What you should do: Everything from the line with "Half nectarine with" through the last line of the data below should be copied exactly, apart from the pictures.

Records shown:
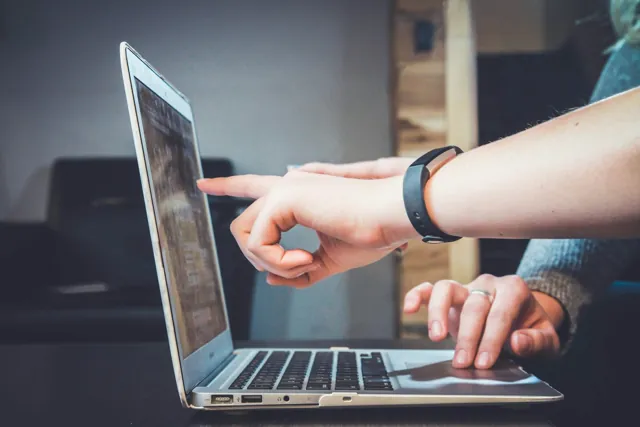 Reviewing an online offer carefully on a laptop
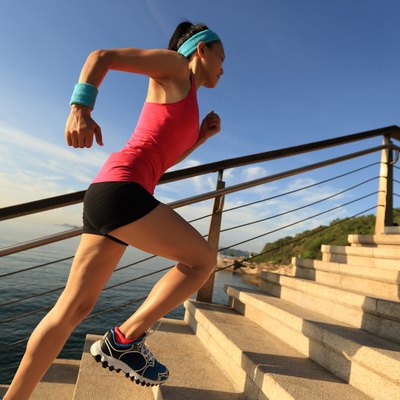 healthy lifestyle sports woman running up on stone stairs seaside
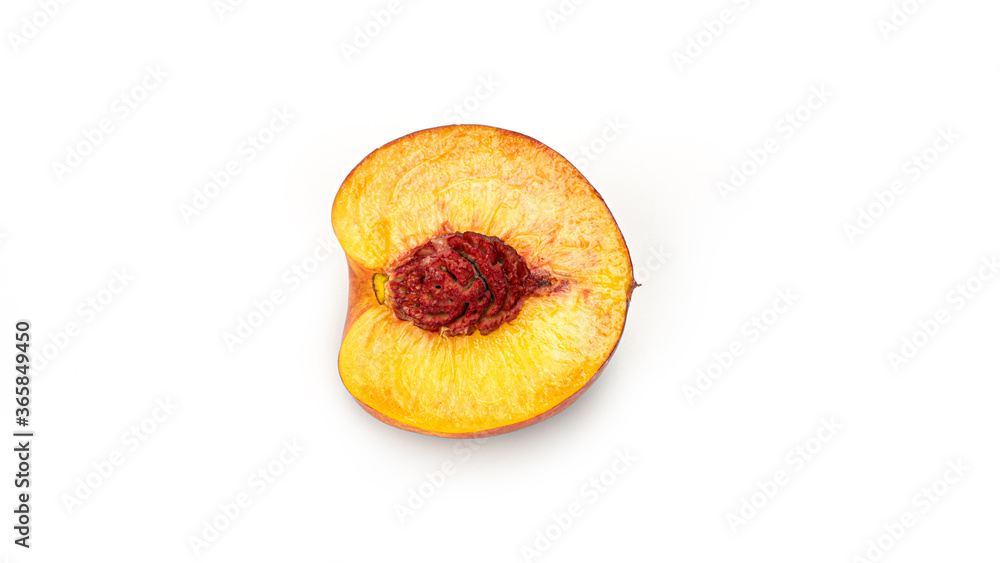 Half nectarine with stone on a white background from different sides. Macro photo. High quality photo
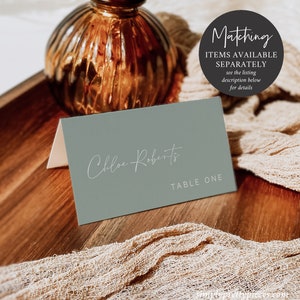May include: A sage green place card with the name "Chloe Roberts" written in white script and the text "TABLE ONE" printed in white below the name.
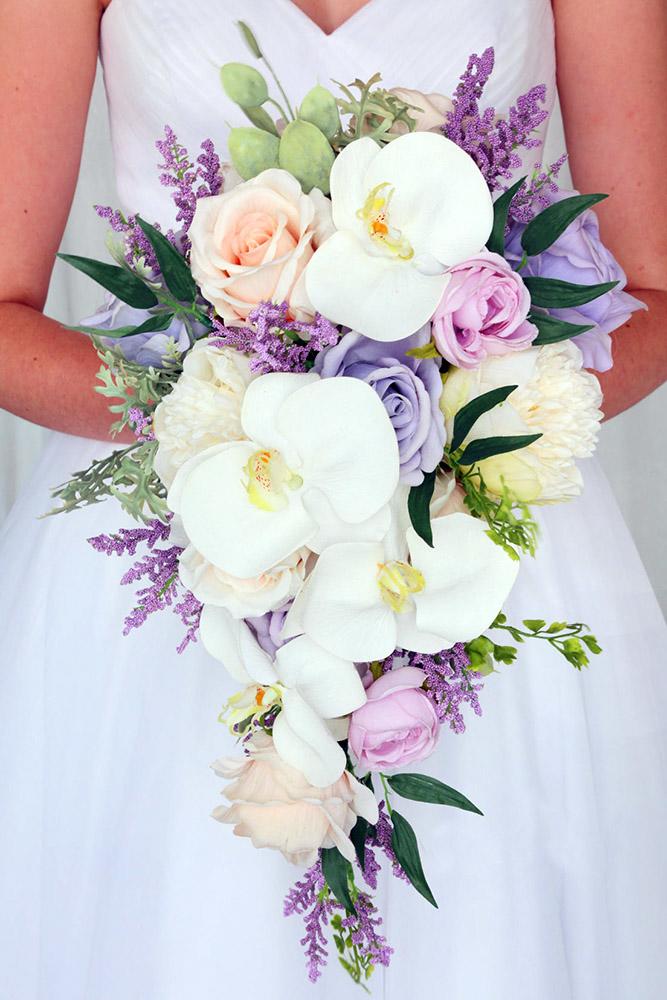 spring wedding bouquets cascading with orchids roses and lilac budgetbride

Result for this exercise:
 Half nectarine with stone on a white background from different sides. Macro photo. High quality photo
May include: A sage green place card with the name "Chloe Roberts" written in white script and the text "TABLE ONE" printed in white below the name.
 spring wedding bouquets cascading with orchids roses and lilac budgetbride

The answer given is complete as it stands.